- **Data shown**

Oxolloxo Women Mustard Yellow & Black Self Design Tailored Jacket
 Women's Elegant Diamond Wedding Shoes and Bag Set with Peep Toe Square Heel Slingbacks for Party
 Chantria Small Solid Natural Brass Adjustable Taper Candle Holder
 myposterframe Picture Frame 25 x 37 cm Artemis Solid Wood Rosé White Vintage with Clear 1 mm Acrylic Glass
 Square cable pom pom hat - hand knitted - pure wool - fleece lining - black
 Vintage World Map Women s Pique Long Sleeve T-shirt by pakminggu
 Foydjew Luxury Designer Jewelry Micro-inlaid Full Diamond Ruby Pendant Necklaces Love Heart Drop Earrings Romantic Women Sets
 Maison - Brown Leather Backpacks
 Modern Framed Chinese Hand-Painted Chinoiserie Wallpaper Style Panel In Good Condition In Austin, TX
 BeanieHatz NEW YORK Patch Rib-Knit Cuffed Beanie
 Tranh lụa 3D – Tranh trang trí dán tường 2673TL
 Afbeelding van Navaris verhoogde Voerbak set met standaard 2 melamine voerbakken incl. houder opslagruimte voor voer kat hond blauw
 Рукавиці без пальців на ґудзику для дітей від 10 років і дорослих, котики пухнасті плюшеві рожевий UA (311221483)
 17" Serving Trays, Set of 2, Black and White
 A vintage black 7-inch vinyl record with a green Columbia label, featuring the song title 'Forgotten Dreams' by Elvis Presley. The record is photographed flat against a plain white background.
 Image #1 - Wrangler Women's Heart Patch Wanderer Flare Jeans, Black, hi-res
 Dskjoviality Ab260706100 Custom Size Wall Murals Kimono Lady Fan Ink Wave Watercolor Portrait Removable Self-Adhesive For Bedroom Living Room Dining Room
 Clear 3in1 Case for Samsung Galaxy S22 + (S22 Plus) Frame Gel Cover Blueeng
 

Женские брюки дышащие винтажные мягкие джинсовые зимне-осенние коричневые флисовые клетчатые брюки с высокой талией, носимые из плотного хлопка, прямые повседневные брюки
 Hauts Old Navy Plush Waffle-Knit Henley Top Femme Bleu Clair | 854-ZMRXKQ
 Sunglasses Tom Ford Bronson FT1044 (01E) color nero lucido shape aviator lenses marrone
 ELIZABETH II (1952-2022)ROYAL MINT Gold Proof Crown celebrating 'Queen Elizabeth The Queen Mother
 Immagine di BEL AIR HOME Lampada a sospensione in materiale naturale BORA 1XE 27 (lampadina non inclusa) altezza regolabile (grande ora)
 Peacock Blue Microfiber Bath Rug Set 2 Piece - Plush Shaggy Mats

- **To do**
Please reproduce all of the records exactly as they stand.

- **Your solution**
Oxolloxo Women Mustard Yellow & Black Self Design Tailored Jacket
 Women's Elegant Diamond Wedding Shoes and Bag Set with Peep Toe Square Heel Slingbacks for Party
 Chantria Small Solid Natural Brass Adjustable Taper Candle Holder
 myposterframe Picture Frame 25 x 37 cm Artemis Solid Wood Rosé White Vintage with Clear 1 mm Acrylic Glass
 Square cable pom pom hat - hand knitted - pure wool - fleece lining - black
 Vintage World Map Women s Pique Long Sleeve T-shirt by pakminggu
 Foydjew Luxury Designer Jewelry Micro-inlaid Full Diamond Ruby Pendant Necklaces Love Heart Drop Earrings Romantic Women Sets
 Maison - Brown Leather Backpacks
 Modern Framed Chinese Hand-Painted Chinoiserie Wallpaper Style Panel In Good Condition In Austin, TX
 BeanieHatz NEW YORK Patch Rib-Knit Cuffed Beanie
 Tranh lụa 3D – Tranh trang trí dán tường 2673TL
 Afbeelding van Navaris verhoogde Voerbak set met standaard 2 melamine voerbakken incl. houder opslagruimte voor voer kat hond blauw
 Рукавиці без пальців на ґудзику для дітей від 10 років і дорослих, котики пухнасті плюшеві рожевий UA (311221483)
 17" Serving Trays, Set of 2, Black and White
 A vintage black 7-inch vinyl record with a green Columbia label, featuring the song title 'Forgotten Dreams' by Elvis Presley. The record is photographed flat against a plain white background.
 Image #1 - Wrangler Women's Heart Patch Wanderer Flare Jeans, Black, hi-res
 Dskjoviality Ab260706100 Custom Size Wall Murals Kimono Lady Fan Ink Wave Watercolor Portrait Removable Self-Adhesive For Bedroom Living Room Dining Room
 Clear 3in1 Case for Samsung Galaxy S22 + (S22 Plus) Frame Gel Cover Blueeng
 

Женские брюки дышащие винтажные мягкие джинсовые зимне-осенние коричневые флисовые клетчатые брюки с высокой талией, носимые из плотного хлопка, прямые повседневные брюки
 Hauts Old Navy Plush Waffle-Knit Henley Top Femme Bleu Clair | 854-ZMRXKQ
 Sunglasses Tom Ford Bronson FT1044 (01E) color nero lucido shape aviator lenses marrone
 ELIZABETH II (1952-2022)ROYAL MINT Gold Proof Crown celebrating 'Queen Elizabeth The Queen Mother
 Immagine di BEL AIR HOME Lampada a sospensione in materiale naturale BORA 1XE 27 (lampadina non inclusa) altezza regolabile (grande ora)
 Peacock Blue Microfiber Bath Rug Set 2 Piece - Plush Shaggy Mats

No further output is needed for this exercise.